§ **Directions for this task**
Beginning with the first line of the entries below, quote each line until you reach and include the line with "A bathroom with a granite".

####################

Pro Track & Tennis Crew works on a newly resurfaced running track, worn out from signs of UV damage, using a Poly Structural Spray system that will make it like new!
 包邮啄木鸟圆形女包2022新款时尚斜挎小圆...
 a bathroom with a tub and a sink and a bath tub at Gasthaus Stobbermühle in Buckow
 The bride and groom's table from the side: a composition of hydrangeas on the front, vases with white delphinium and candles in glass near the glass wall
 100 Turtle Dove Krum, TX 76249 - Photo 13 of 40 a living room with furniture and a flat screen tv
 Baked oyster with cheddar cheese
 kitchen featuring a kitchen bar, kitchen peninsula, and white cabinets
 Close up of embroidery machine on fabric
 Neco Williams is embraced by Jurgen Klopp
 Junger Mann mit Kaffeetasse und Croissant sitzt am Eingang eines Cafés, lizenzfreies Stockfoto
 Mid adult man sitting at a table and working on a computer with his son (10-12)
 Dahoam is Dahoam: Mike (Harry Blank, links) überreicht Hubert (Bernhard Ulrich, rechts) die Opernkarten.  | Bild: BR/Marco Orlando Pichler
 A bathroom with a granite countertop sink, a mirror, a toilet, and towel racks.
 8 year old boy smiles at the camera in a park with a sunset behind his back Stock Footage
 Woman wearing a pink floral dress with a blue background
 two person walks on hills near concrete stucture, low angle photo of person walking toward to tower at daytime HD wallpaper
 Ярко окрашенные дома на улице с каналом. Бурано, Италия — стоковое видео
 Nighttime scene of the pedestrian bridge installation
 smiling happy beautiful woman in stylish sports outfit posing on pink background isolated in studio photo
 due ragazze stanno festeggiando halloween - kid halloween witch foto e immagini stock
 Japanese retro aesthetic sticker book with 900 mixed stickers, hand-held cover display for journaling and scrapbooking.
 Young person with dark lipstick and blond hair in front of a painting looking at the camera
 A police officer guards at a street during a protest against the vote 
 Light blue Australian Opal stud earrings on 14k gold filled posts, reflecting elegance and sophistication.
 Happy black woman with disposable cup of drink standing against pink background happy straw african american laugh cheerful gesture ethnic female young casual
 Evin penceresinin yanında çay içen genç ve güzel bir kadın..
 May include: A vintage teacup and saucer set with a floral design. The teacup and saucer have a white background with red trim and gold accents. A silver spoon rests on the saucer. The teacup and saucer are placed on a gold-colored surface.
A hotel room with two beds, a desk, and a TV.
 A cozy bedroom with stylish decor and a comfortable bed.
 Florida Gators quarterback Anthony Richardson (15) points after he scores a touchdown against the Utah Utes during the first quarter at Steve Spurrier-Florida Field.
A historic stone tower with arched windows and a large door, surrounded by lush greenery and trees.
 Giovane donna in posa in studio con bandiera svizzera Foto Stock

####################

§ **Solution**
Pro Track & Tennis Crew works on a newly resurfaced running track, worn out from signs of UV damage, using a Poly Structural Spray system that will make it like new!
 包邮啄木鸟圆形女包2022新款时尚斜挎小圆...
 a bathroom with a tub and a sink and a bath tub at Gasthaus Stobbermühle in Buckow
 The bride and groom's table from the side: a composition of hydrangeas on the front, vases with white delphinium and candles in glass near the glass wall
 100 Turtle Dove Krum, TX 76249 - Photo 13 of 40 a living room with furniture and a flat screen tv
 Baked oyster with cheddar cheese
 kitchen featuring a kitchen bar, kitchen peninsula, and white cabinets
 Close up of embroidery machine on fabric
 Neco Williams is embraced by Jurgen Klopp
 Junger Mann mit Kaffeetasse und Croissant sitzt am Eingang eines Cafés, lizenzfreies Stockfoto
 Mid adult man sitting at a table and working on a computer with his son (10-12)
 Dahoam is Dahoam: Mike (Harry Blank, links) überreicht Hubert (Bernhard Ulrich, rechts) die Opernkarten.  | Bild: BR/Marco Orlando Pichler
 A bathroom with a granite countertop sink, a mirror, a toilet, and towel racks.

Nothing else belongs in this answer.